![]() | M009 Student design for a Presbyterian churchDate: 1889Authorship: ![]() |
This design was produced while Mackintosh was still a student at the Glasgow School of Art. In the second half of the 19th century, teaching in British art schools followed a curriculum laid down by the Department of Art and Science in London, a centralised scheme known from the Department's location as the 'South Kensington System'. Students' work from all over the country was submitted to South Kensington each year in a National Competition. In 1889 Mackintosh's design for a Presbyterian church was awarded a book prize, and was exhibited along with other prize-winning drawings at the South Kensington Museum (now the Victoria and Albert Museum). 1
Reviewing the exhibition, the Building News singled out Mackintosh's design for comment, comparing it favourably with a fellow student's treatment of the same subject: 'Another design by G. [sic] McIntosh, Glasgow, is picturesquely handled, has more originality, and is of brownish stone with red tile hipped roofs, which are made pleasing features in the design. The plan is transeptal, and better suited for a country service. A tower, the four rounded angles of which are carried up as pinnacles, supports a low, square, tiled roof, piquant in effect. The nave has at one end a large semicircular window. A Renaissance doorway is shown, and the whole is somewhat American in style.' 2 It seems from this description that exterior elevations were included in the exhibition, but only a sheet showing the cross section and plan survives. 3 The South Kensington examiners' report, subsequently quoted in the Annual Report of the Glasgow School of Art, noted that Mackintosh's 'projecting eaves' made his design 'well suited for a rainy climate'. It went on: 'The design though not quite satisfactory, is fresh and original, cleverly though roughly drawn and agreeably coloured, the shadows, however, being somewhat overdone.' 4
Later in 1889, Mackintosh's drawings were awarded a class prize of £1 10s 0d at the Glasgow School of Art. The local architects who acted as examiners for this competition – William Leiper, J. J. Burnet and J. A. Campbell – considered Mackintosh's design 'full of artistic treatment but non-descript in style'. 5
Mackintosh's design reflects the movement in late 19th-century Scottish Presbyterian church architecture away from galleried, pulpit-centred preaching boxes towards buildings which are more closely modelled on medieval examples and which show a new interest in the aesthetic and ceremonial aspects of worship. 6 There are no galleries; the communion table is positioned, altar-like, in a deep chancel, raised on three steps and separated from the long nave by an arch; and the pulpit stands on one side, with the organ in a recess on the other. Some of these features reappear ten years later in Mackintosh's design for Queen's Cross Church. Spatially, the most interesting detail is the passage linking the session house and vestry. It is treated like the ambulatory in a large medieval church such as Glasgow Cathedral, glimpsed through round-arched openings in the back wall of the chancel.
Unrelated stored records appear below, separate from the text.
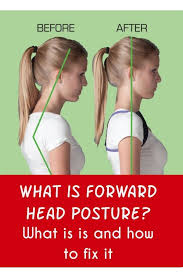 How To Correct Forward Head Posture Forward Head Posture Correction Forward Head Posture Brace Forward Head Posture Forward Head Posture Exercises Posture Neck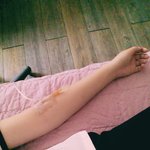 나오늘 <b>입원</b>했어ㅠ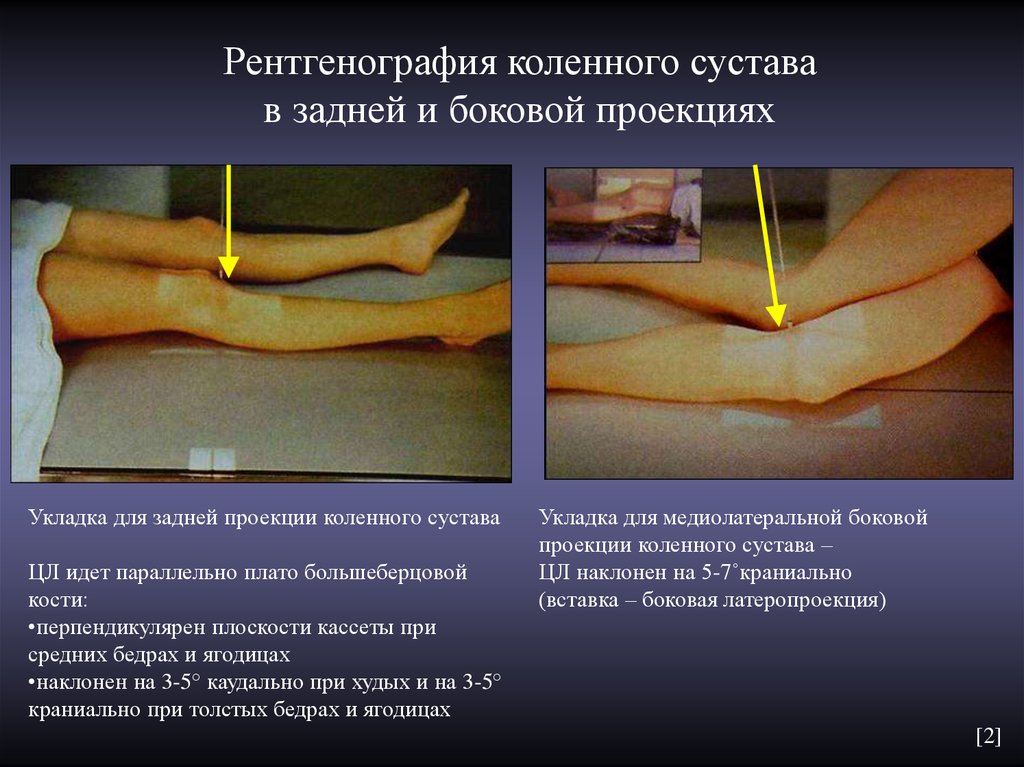 Суставы проекция. Укладка коленного сустава в боковой проекции. Укладка коленного сустава. Рентген коленного сустава укладка. Проекции рентгена коленного сустава.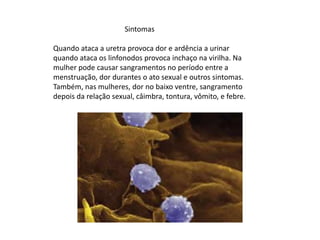                                        SintomasQuando ataca a uretra provoca dor e ardência a urinar quando ataca os linfonodos provoca inchaço na virilha. Na mulher pode causar sangramentos no período entre a menstruação, dor durantes o ato sexual e outros sintomas. Também, nas mulheres, dor no baixo ventre, sangramento depois da relação sexual, câimbra, tontura, vômito, e febre.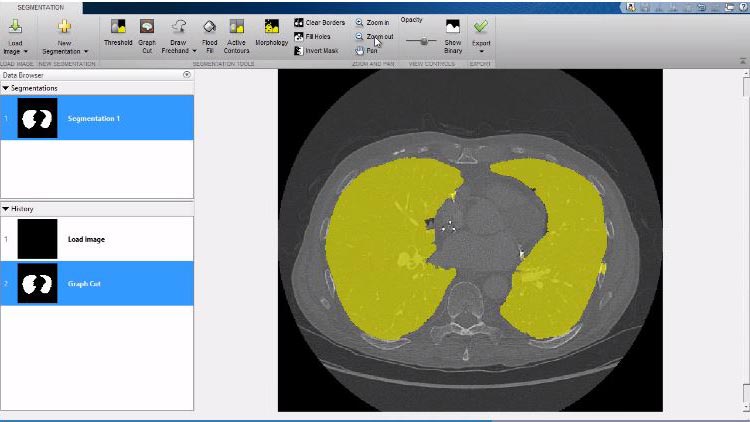 3D Image Processing - MATLAB & Simulink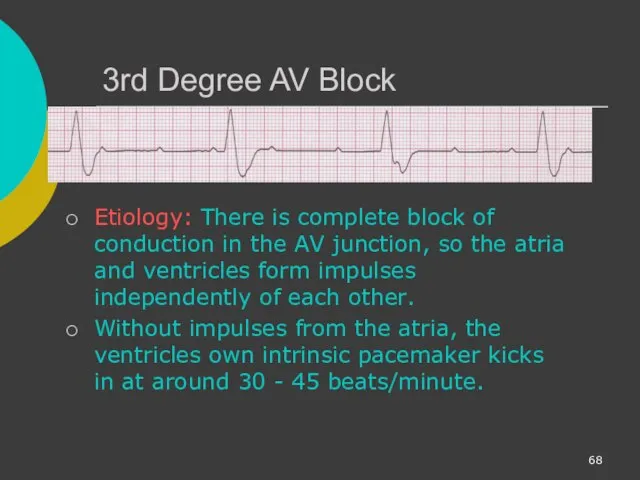 3rd Degree AV Block Etiology: There is complete block of conduction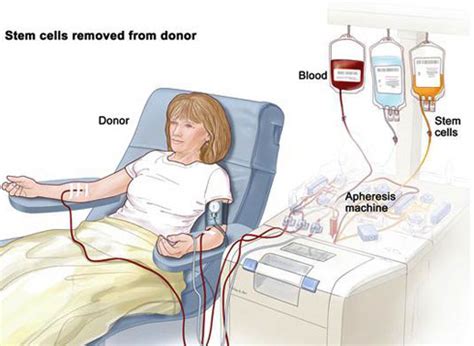 AVSF – Stem cell donation procedure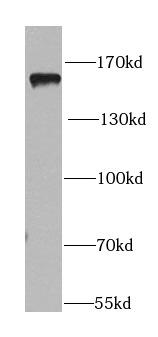 mouse brain tissue were subjected to SDS PAGE followed by western blot with (PER1 antibody) at dilution of 1:1000
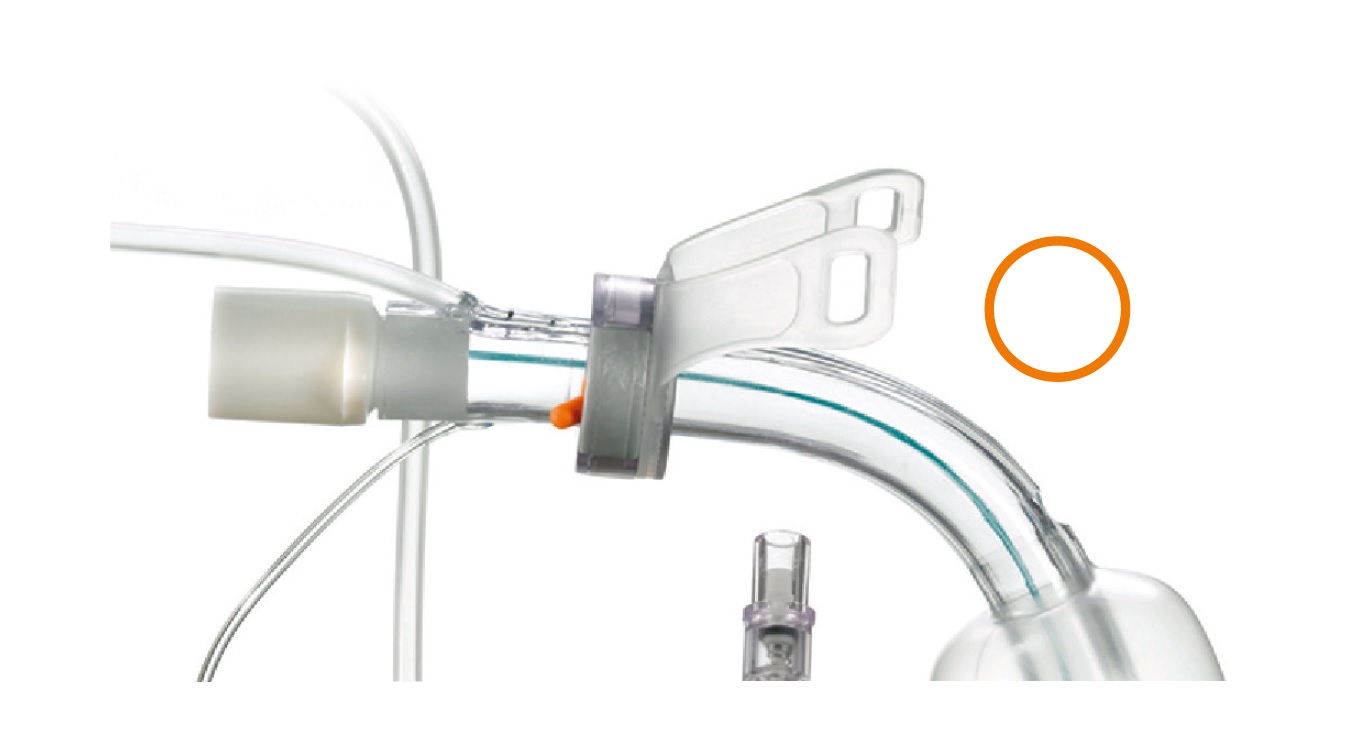 Aspirație subglotică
The style is a mixture of Romanesque (semicircular arches; squat, round columns) and Renaissance (the pedimented doorway to the session house). In comparing it with American architecture, the Building News was perhaps thinking of the work of H. H. Richardson (1838–1886). Richardson only designed one building in Britain – a studio-house in Hertfordshire for the painter Hubert von Herkomer – but his distinctive, Romanesque-derived designs, often combining rugged masonry with red-tiled roofs, were published in the British architectural press. His work featured in a paper on American architecture read before a meeting of the Glasgow Architectural Association in May 1889, with John Keppie in the chair. 7 A church by the American William Ralph Emerson – St Sylvia's, Mount Desert – in which an open porch and a tower with rounded angles are combined in much the same way as in Mackintosh's design, was illustrated in the British Architect in January 1889. 8
Notes:
1: Glasgow Herald, 27 July 1889, p. 7; Building News, 57, 2 August 1889, p. 135. In the same competition Mackintosh's fellow student Jessie Keppie, sister of John Keppie, was awarded a silver medal for a design for a Persian carpet.
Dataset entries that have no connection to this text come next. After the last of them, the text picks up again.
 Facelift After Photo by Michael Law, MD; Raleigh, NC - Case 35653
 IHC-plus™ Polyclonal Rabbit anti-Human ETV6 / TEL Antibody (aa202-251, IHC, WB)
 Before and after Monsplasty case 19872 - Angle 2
2: Building News, 57, 2 August 1889, p. 135.
3: The Hunterian, University of Glasgow: GLAHA 52320 (M009-001). The drawing is not signed, but it was in Mackintosh's possession at the time of his death.
4: Annual Report of the Glasgow School of Art and Haldane Academy, 1888–9, p. 13.
5: Annual Report of the Glasgow School of Art and Haldane Academy, 1888–9, p. 24.
6: Miles Glendinning, Ranald MacInnes, Aonghus MacKechnie, A History of Scottish Architecture from the Renaissance to the Present Day, Edinburgh: Edinburgh University Press, 1996, pp. 299, 371–3.
7: British Architect, 31, 17 May 1889, p. 365.
8: British Architect, 31, 18 January 1889, p. 47.